What is open banking and what are the risks?

With new open banking standards on the horizon, Zurich talks with financial institutions about managing the risks and opportunities at American Bankers Association Insurance Risk Management forum.

March 13, 2024  | Article      

If you’ve used Zelle, Venmo, Apple Pay or PayPal, you’ve already dipped a fingertip into the waters of “open banking,” even if you’re not familiar with the term. But the convenience of those payment apps is just scratching the surface of the changes that the open banking ecosystem is bringing to both consumers and financial institutions.

Just what is open banking?

The Consumer Financial Protection Bureau is working to finalize new open banking standards designed to give consumers greater control over their financial information. Open banking is a system that uses application programming interfaces (APIs) to enable more seamless transactions across institutions, streamlining tasks such as transferring money, changing banks and applying for loans without the need for extensive data collection and re-entry.

“Open banking offers lots of potential benefits to consumers,” said Alison MacLaren, Financial Institutions Product Officer at Zurich North America. “Right now, many consumers may feel beholden to their banks due to direct deposits, auto-pays and linked credit cards, and it’s onerous to change all that. If those barriers are removed, consumers will have more choices, and banks will likely get more creative to earn and keep their customers, beyond competing on more typical metrics like interest rates.”

The impending standards could boost competition in the financial sector, spurring development of more distinctive services and products. This competition could create new opportunities for middle market and smaller financial institutions as well as fintech businesses. But there are many implications and unknowns, not just because the final open banking rules haven’t been approved. In any case, the changes will alter the risk landscape, and financial institutions and insurance providers will play a role in managing those evolving risks successfully. Open banking implications were the focus of a panel discussion that MacLaren participated in at the 2024 American Bankers Association’s Insurance Risk Management Forum.

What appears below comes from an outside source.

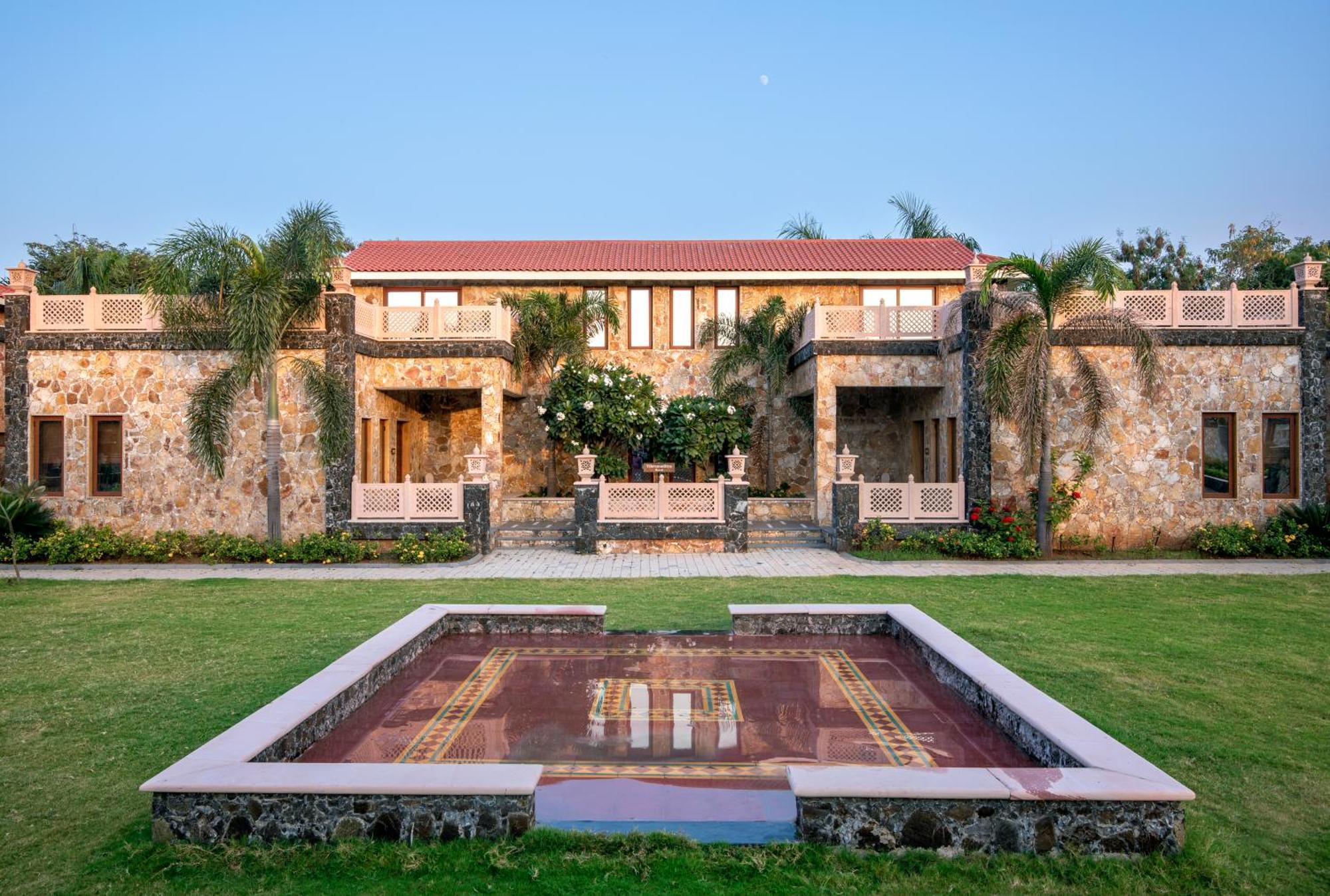 Vikrama Heritage Resort Pavagadh Hālol Buitenkant foto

What are the security and regulatory implications?

The draft open banking standards, outlined in Section 1033 of the Consumer Financial Protection Act, were shared with the public in late 2023 to gather feedback from stakeholders. With the comment period now closed, many expect the new regulations to be approved in the second half of 2024 and phased in over a period of time, with the largest financial institutions expected to be required to comply the soonest.

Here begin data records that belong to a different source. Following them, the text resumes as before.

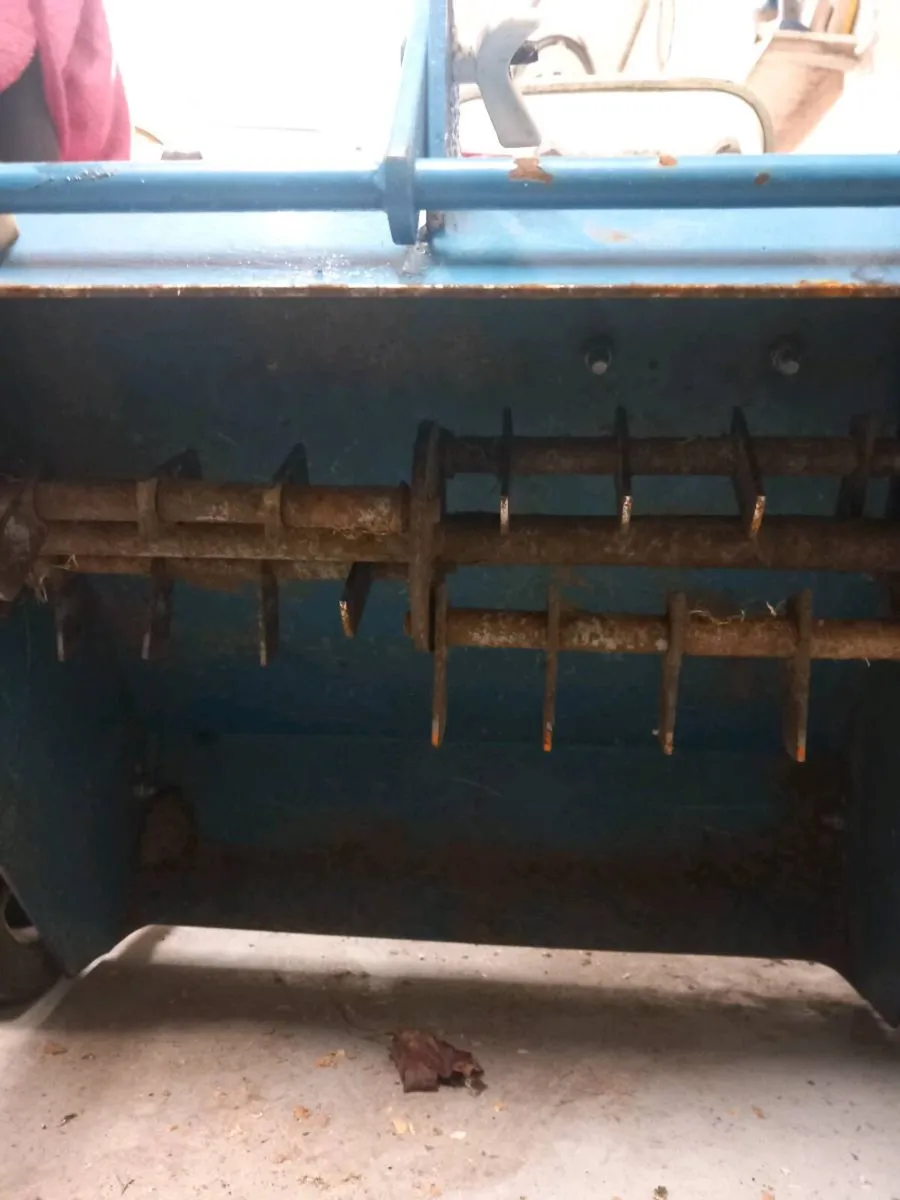 Garden/lawn scarifier - Image 4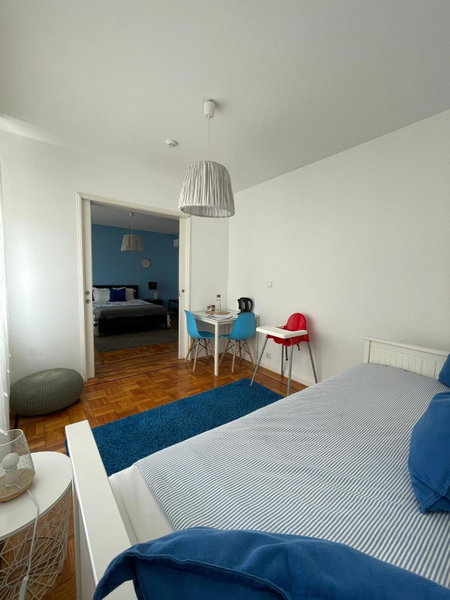 100 Contos, Porto, Portugal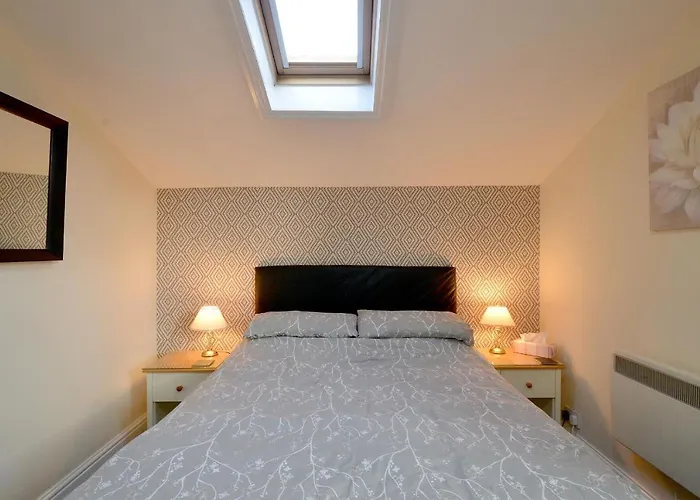 Brightwater 2Nd Floor Apartment For Up To 6 Guests Near North Bay Beach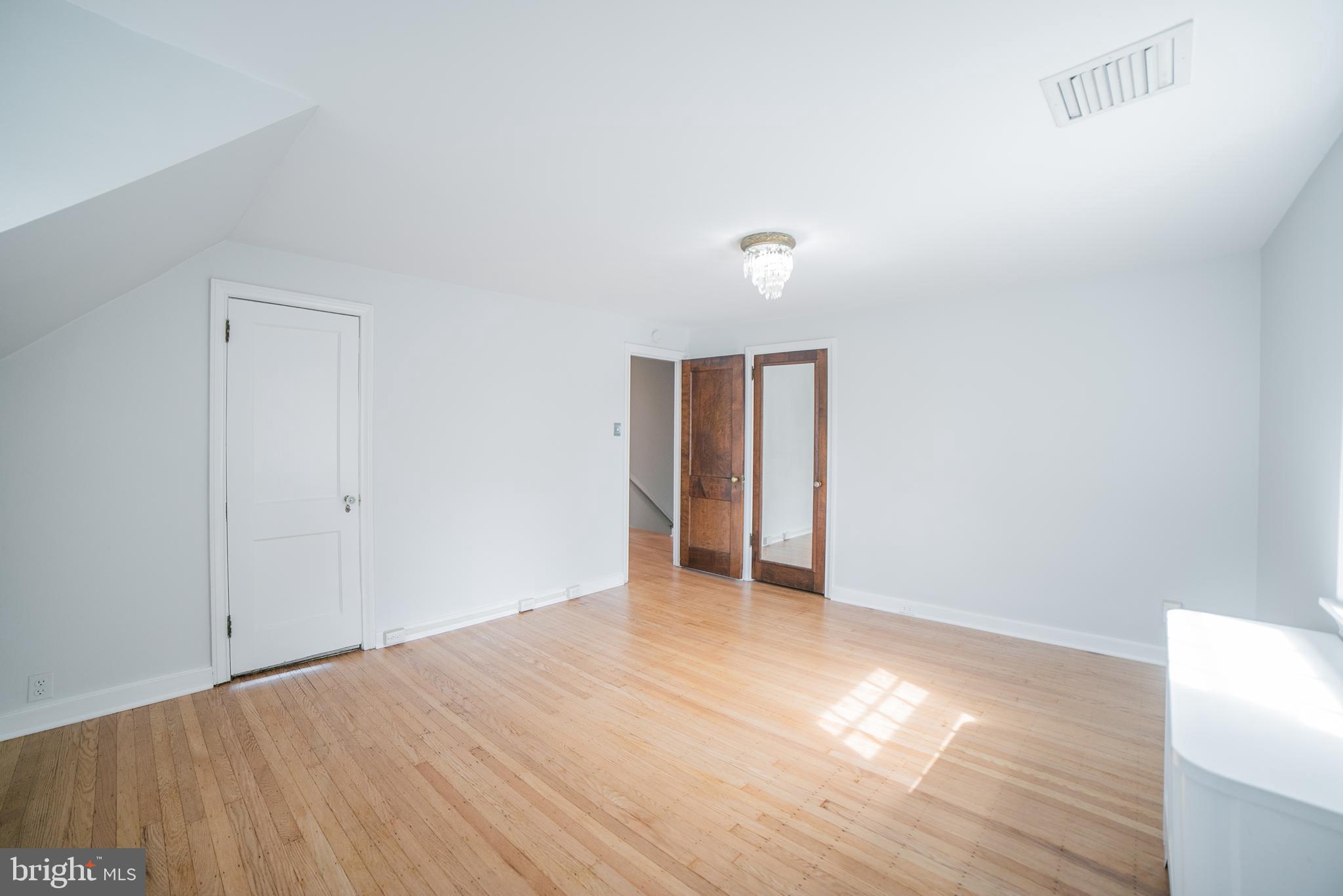 WYNNEWOOD PARK - Residential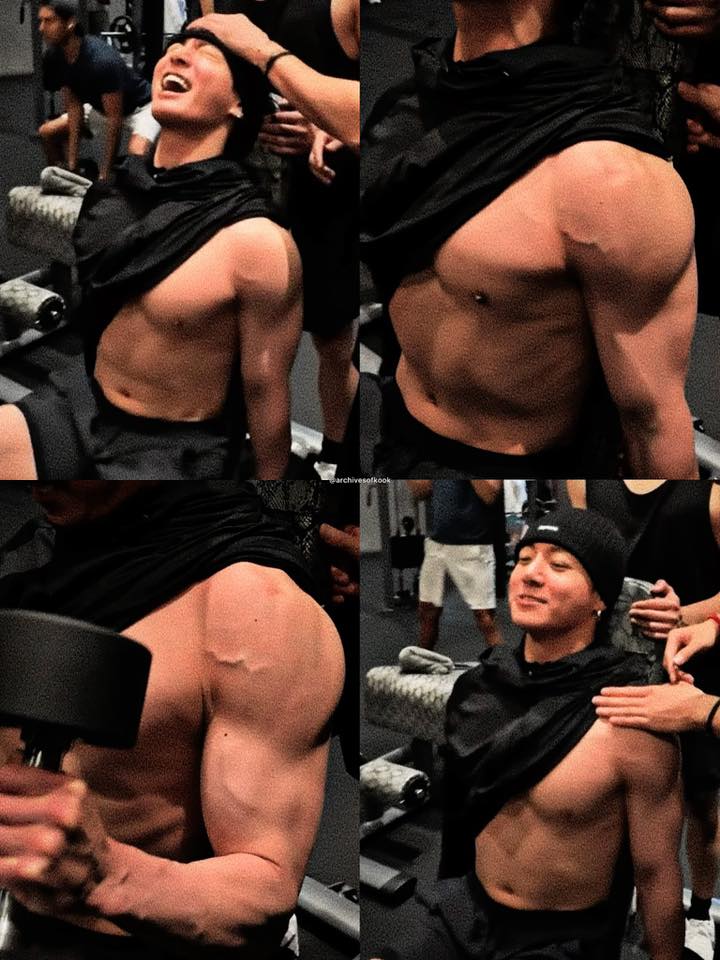 Jungkook nảy nở sau 1 năm- Ảnh 10.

“While the preliminary standards present many potential upsides for both consumers and financial institutions of various sizes and types, they also pose security and regulatory implications that financial service providers will need to navigate carefully,” said MacLaren. “Roles, responsibilities and liabilities for data security and the impact on financial lines insurance programs are two overarching issues to work through.”

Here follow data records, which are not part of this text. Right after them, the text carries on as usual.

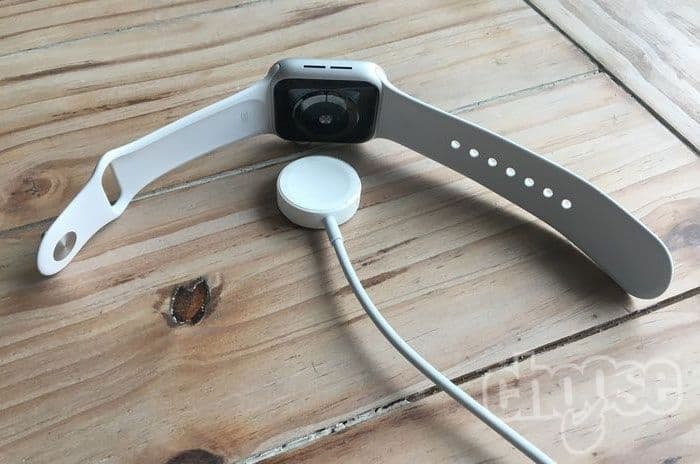 Apple Watch Series 4 charger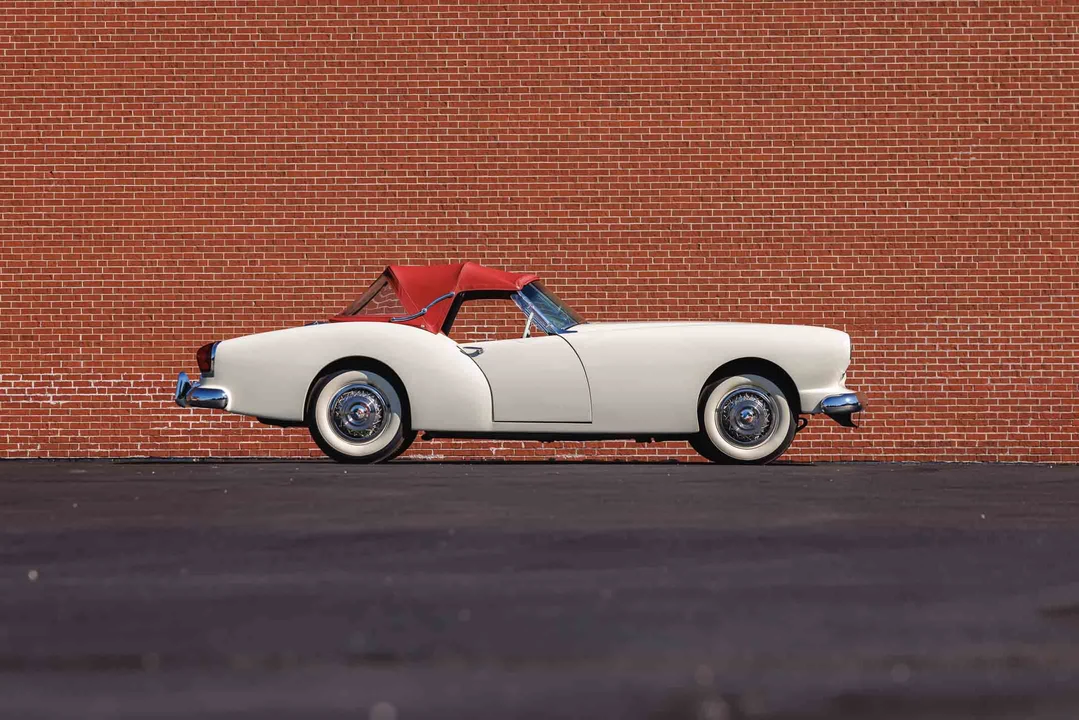 1954 Kaiser Darrin - Image 13 of 31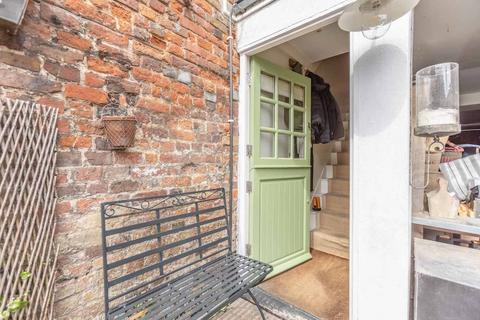 21a Queens Road, Datchet, Slough, SL3 9BN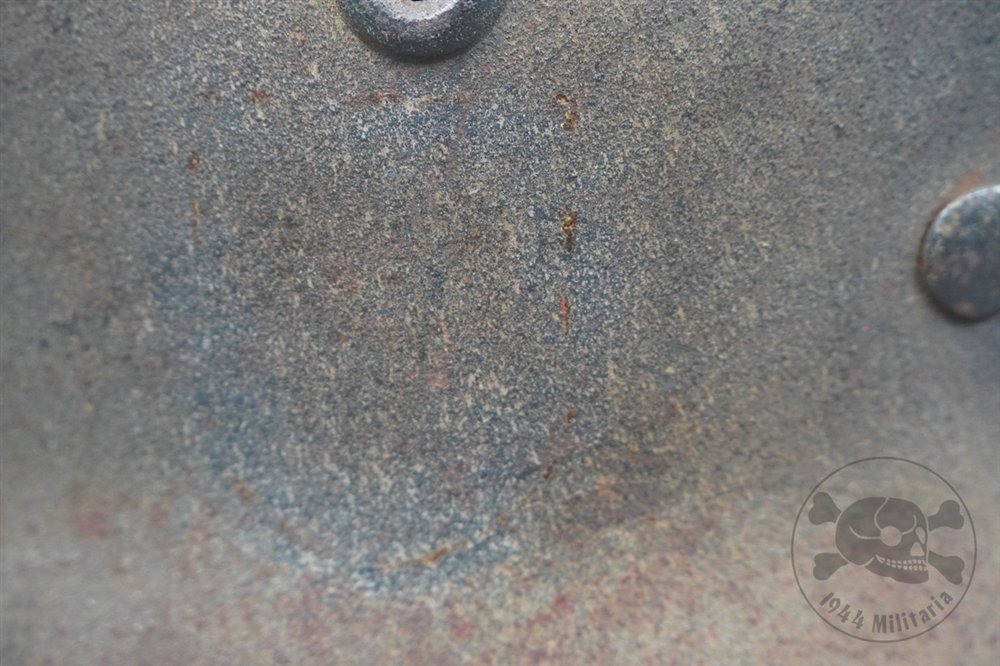 Original German WWII Luftwaffe M40 Single Decal Normandy Camouflaged Helmet Q64 — image 8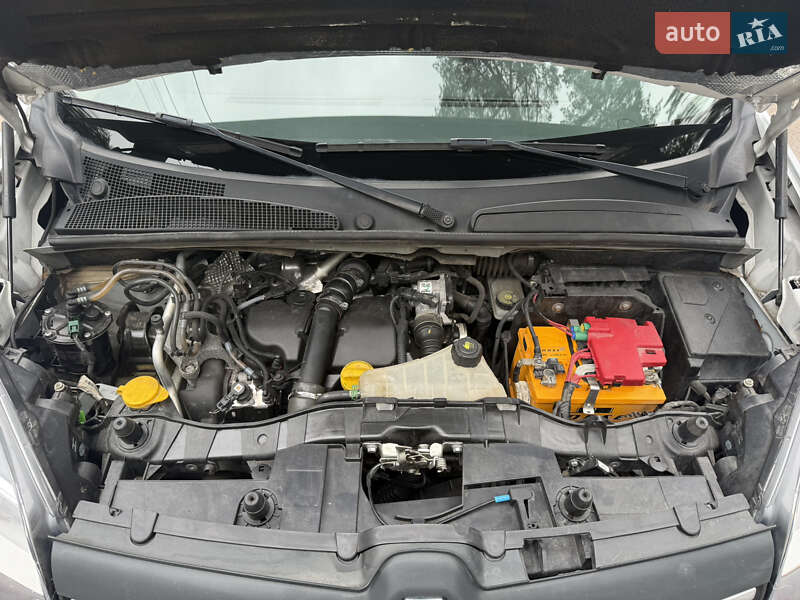 Мінівен Renault Kangoo 2017 в Ірпені фото 25 Мінівен Renault Kangoo 2017 в Ірпені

What are the risk considerations for financial institutions?

Increasing data portability may mean financial institutions need to develop new vendor relationships with fintech companies that can offer niche services efficiently, including APIs that can help with selective, secure sharing of data. APIs are widely regarded as more trustworthy than the previous method of collecting data through what is known as “screen scraping,” a method of gathering information from a screen display to use for another purpose.

Even so, selecting third-party data aggregators will require extensive vetting to manage incremental costs and mitigate potential cyber risks such as data breaches, which can create opportunities for social engineering fraud, reputational damage and loss of customer loyalty.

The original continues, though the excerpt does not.